Kernaussagen des Gerichts
Das BVerwG stellte fest, dass die fiktive Fortschreibung dienstlicher Beurteilungen von Beamtinnen und Beamten, die aufgrund ihrer Freistellung keine beurteilungsfähige Tätigkeit ausüben, nicht allein auf Verwaltungsvorschriften gestützt werden kann.
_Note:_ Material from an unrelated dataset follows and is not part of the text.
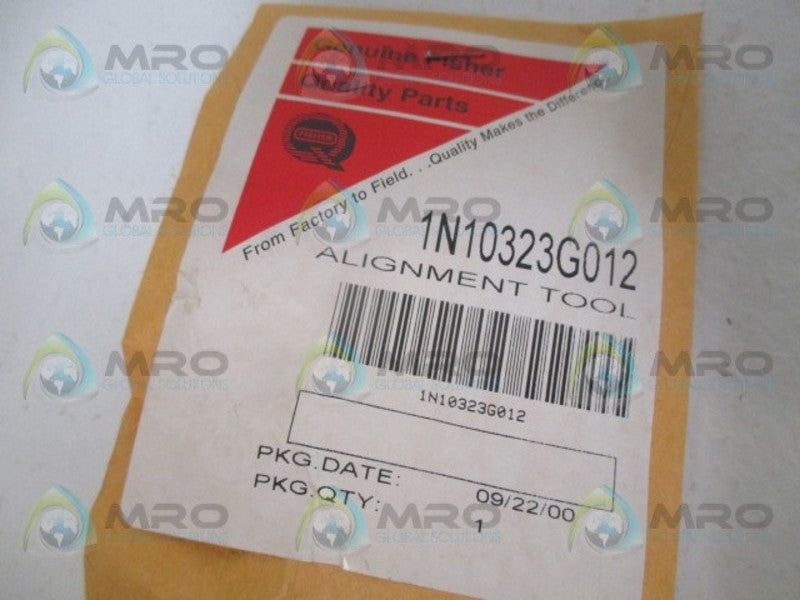 FISHER 1N10323G012 ALIGNMENT TOOL NSMP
Vielmehr sind die grundlegenden Vorgaben für die Erstellung solcher Beurteilungen durch Rechtsnormen zu regeln, um den verfassungsrechtlichen Anforderungen des Art. 33 Abs. 2 GG zu genügen.
Das Gericht führte aus, dass die berufliche Förderung freigestellter Beamtinnen und Beamter einer gesetzlichen Grundlage bedarf, die die Systementscheidung für ein bestimmtes Fördermodell sowie die zentralen Kriterien für die Vergleichsgruppenbildung und die Fortschreibung der Beurteilung klar definiert. Ohne eine solche Grundlage bestehe die Gefahr, dass die Förderung freigestellter Beamtinnen und Beamter nicht den verfassungsrechtlichen Vorgaben entspricht und deren berufliche Entwicklung beeinträchtigt wird.
Das Gericht verwies in diesem Zusammenhang auf die Regelung des § 27b Soldatengesetz, die für freigestellte Soldatinnen und Soldaten klare Vorgaben für die Vergleichsgruppenbildung und die Fortschreibung der Beurteilung enthält. Eine vergleichbare Regelung sei auch für Beamtinnen und Beamte erforderlich, um die Gleichbehandlung und Rechtssicherheit zu gewährleisten.
Übergangsregelungen
Das BVerwG ließ die bisherige Praxis für einen Übergangszeitraum zu, um sicherzustellen, dass die berufliche Förderung freigestellter Beamtinnen und Beamter nicht vollständig unmöglich wird.
Es betonte jedoch, dass der Gesetzgeber gefordert sei, eine klare gesetzliche Grundlage zu schaffen. Ohne eine solche Regelung drohe ein Zustand, der die Verwirklichung des grundrechtsgleichen Rechts aus Art. 33 Abs. 2 GG gefährdet.
Auswirkungen für die Praxis
Die Entscheidung des BVerwG hat bedeutende Auswirkungen auf die Praxis der Personalführung im öffentlichen Dienst. Dienstherren und Personalverantwortliche sind angehalten, die bisherige Verwaltungspraxis zur fiktiven Fortschreibung dienstlicher Beurteilungen nur noch übergangsweise anzuwenden. Langfristig wird eine gesetzliche Regelung erforderlich sein, die die Kriterien und Verfahren für die Förderung freigestellter Beamtinnen und Beamter eindeutig festlegt.
Für Gleichstellungsbeauftragte, Personalratsmitglieder sowie vergleichbare Funktionsträgerinnen und Funktionsträger ist dies ein wichtiger Schritt, um sicherzustellen, dass ihre berufliche Entwicklung nicht durch die Freistellung beeinträchtigt wird. Gleichzeitig müssen Dienstherren darauf achten, dass die Vergleichsgruppenbildung und die Fortschreibung der Beurteilungen transparent und nachvollziehbar erfolgen, um rechtliche Risiken zu minimieren.
Fazit
Die Entscheidung des BVerwG unterstreicht die Notwendigkeit einer klaren gesetzlichen Grundlage für die fiktive Fortschreibung dienstlicher Beurteilungen. Sie stärkt die Rechte freigestellter Beamtinnen und Beamter und fordert den Gesetzgeber auf, die bestehenden Regelungslücken zu schließen. Der VBB verfolgt weiterhin die Entwicklungen und wird sich für eine faire und rechtssichere gesetzliche Regelung einsetzen.